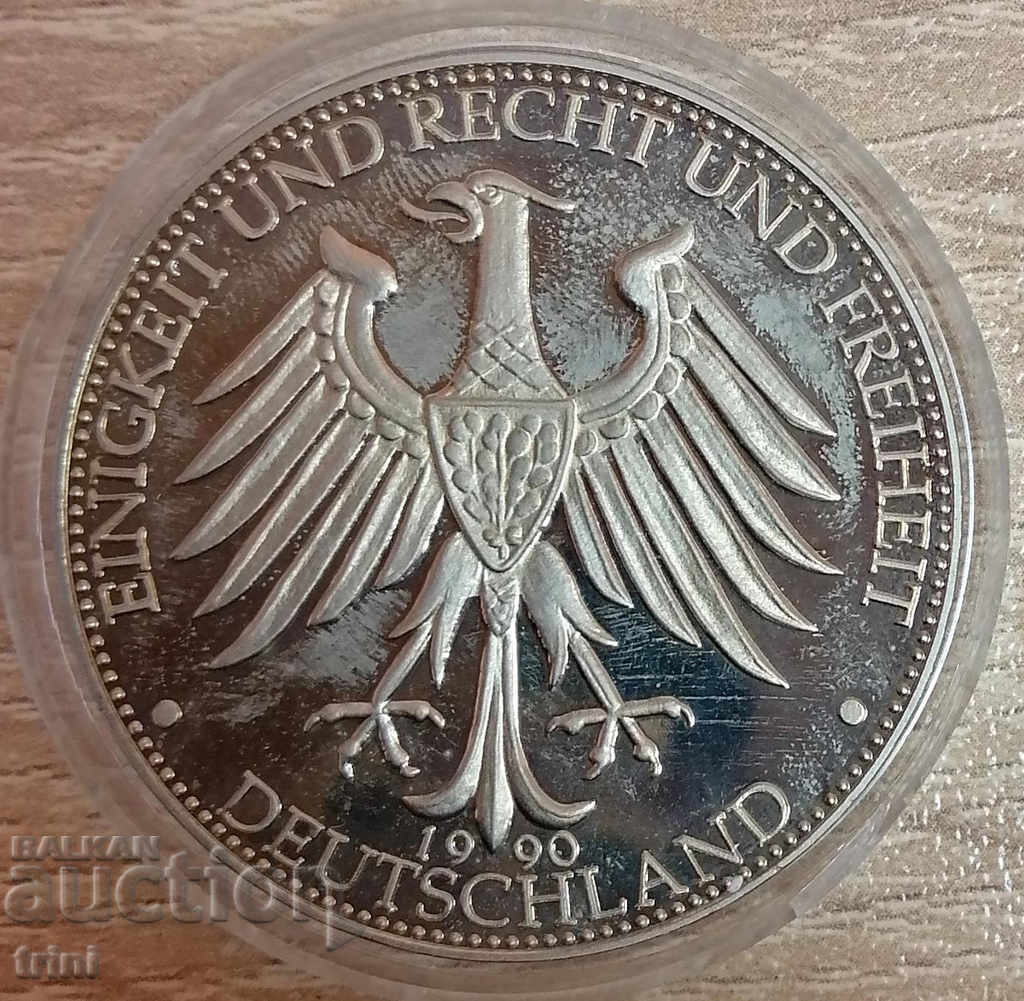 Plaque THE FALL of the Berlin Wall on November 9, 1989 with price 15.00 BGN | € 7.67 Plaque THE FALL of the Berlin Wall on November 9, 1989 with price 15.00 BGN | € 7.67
...
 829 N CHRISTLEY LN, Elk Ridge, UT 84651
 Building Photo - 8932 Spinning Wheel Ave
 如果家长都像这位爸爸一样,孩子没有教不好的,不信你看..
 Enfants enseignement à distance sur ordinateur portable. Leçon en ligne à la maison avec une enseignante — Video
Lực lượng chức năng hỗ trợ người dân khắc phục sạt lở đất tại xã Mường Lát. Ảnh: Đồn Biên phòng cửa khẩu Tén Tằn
---
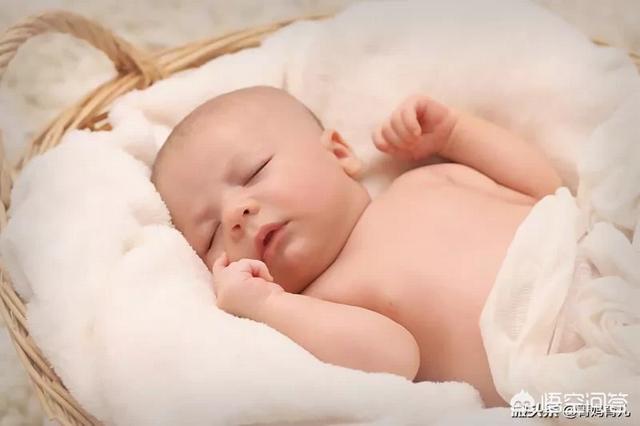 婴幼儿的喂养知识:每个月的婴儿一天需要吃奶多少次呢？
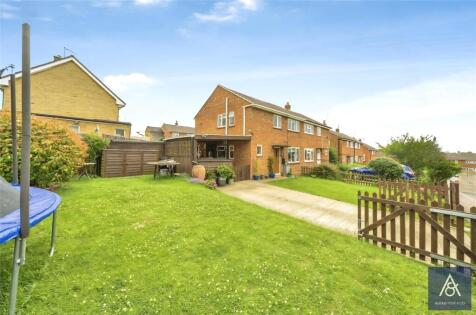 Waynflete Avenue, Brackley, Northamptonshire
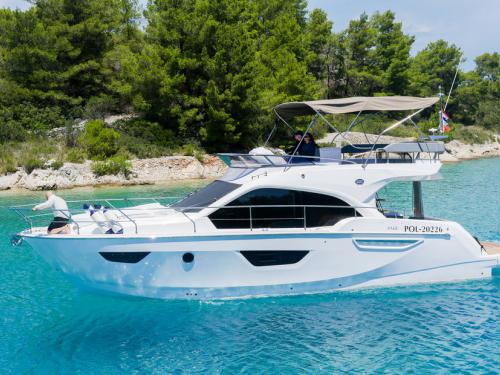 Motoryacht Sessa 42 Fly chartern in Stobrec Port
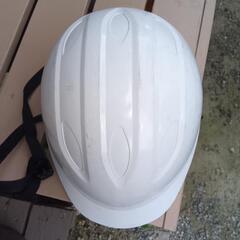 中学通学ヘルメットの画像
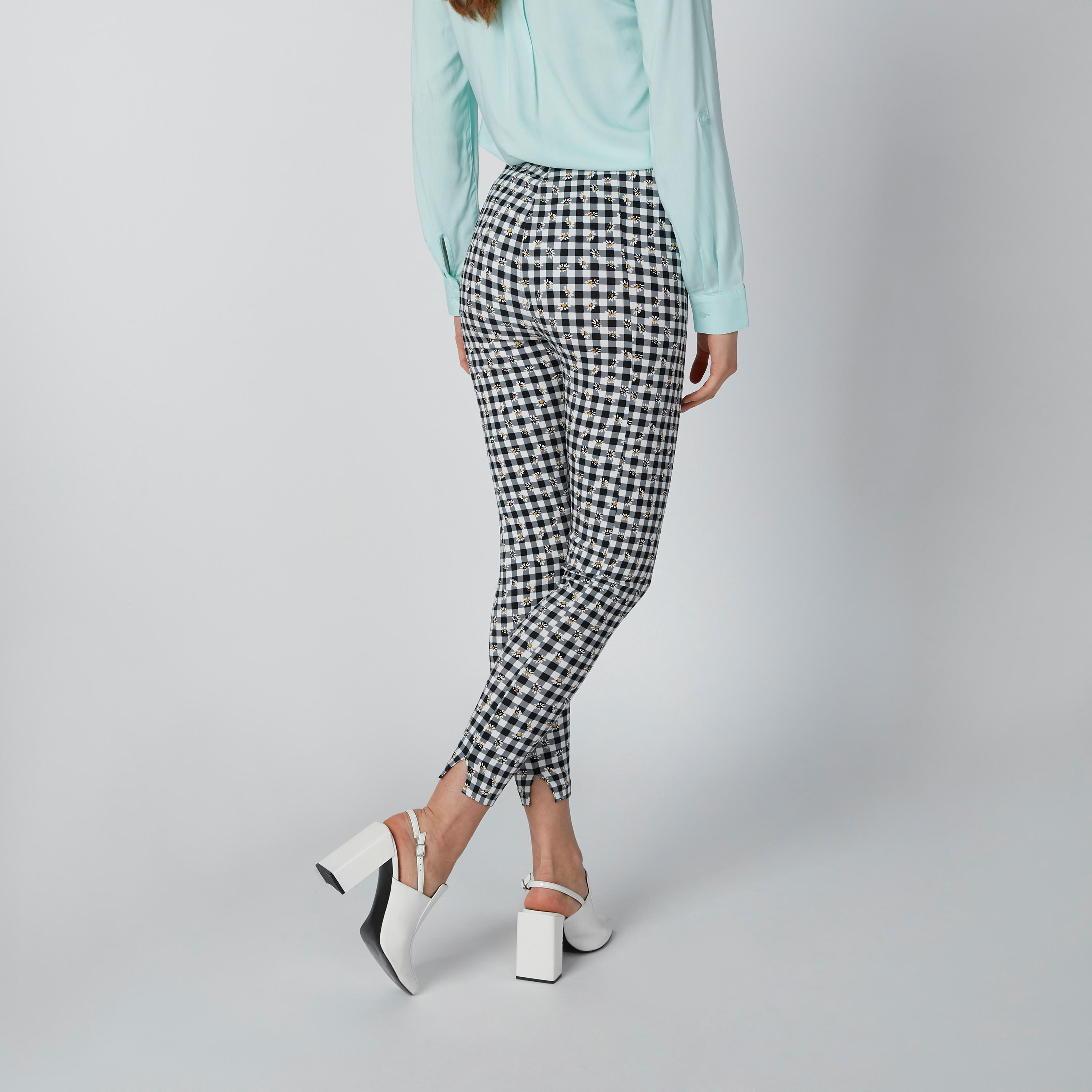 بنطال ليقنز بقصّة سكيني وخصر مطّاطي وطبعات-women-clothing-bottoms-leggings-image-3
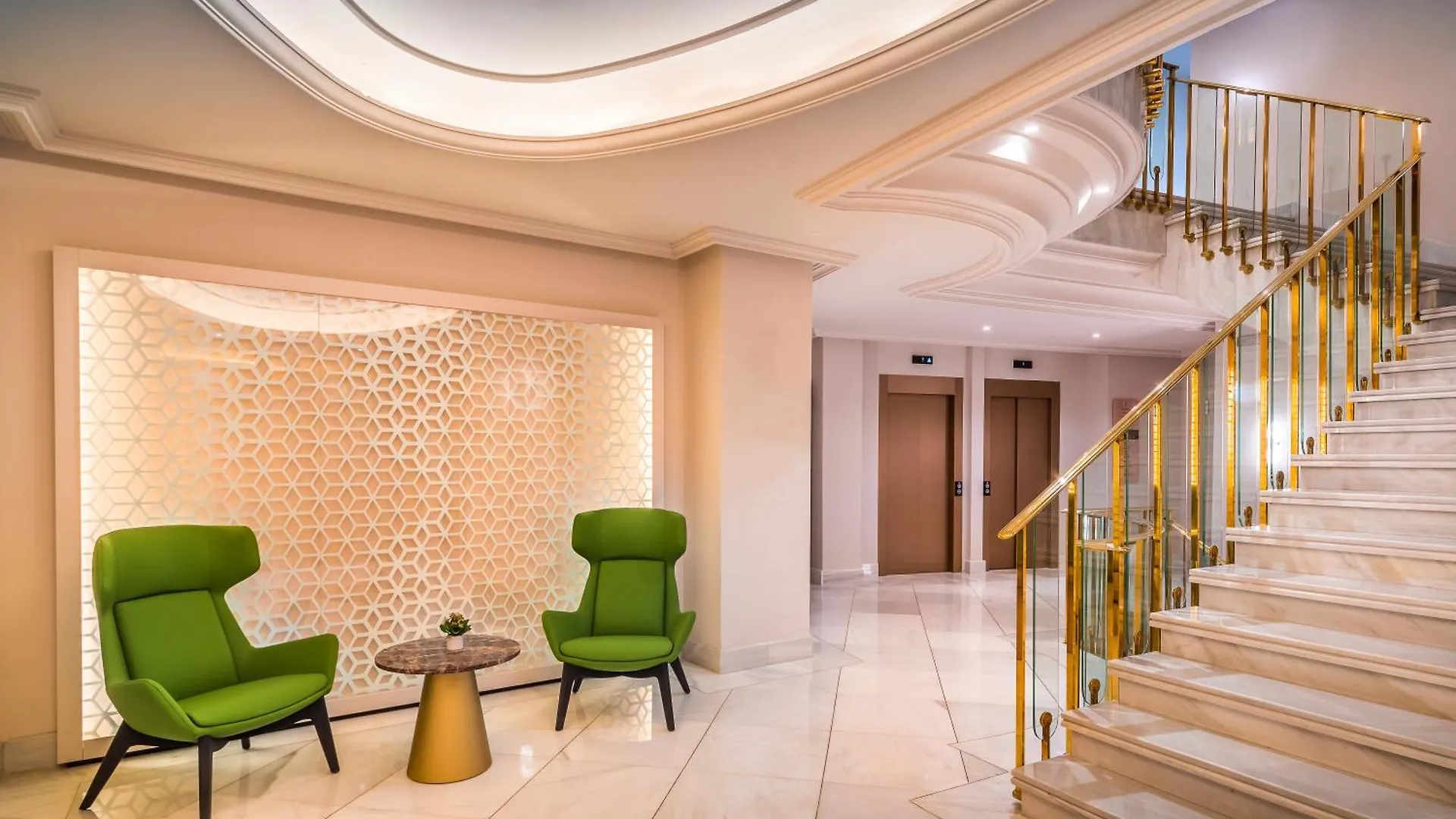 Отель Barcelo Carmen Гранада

** Task brief **
Retype exactly the span of lines from the one with "Enfants enseignement à" through the one with "Lực lượng chức"; include both ends and omit the rest of the material.

** Your solution **
 Enfants enseignement à distance sur ordinateur portable. Leçon en ligne à la maison avec une enseignante — Video
Lực lượng chức năng hỗ trợ người dân khắc phục sạt lở đất tại xã Mường Lát. Ảnh: Đồn Biên phòng cửa khẩu Tén Tằn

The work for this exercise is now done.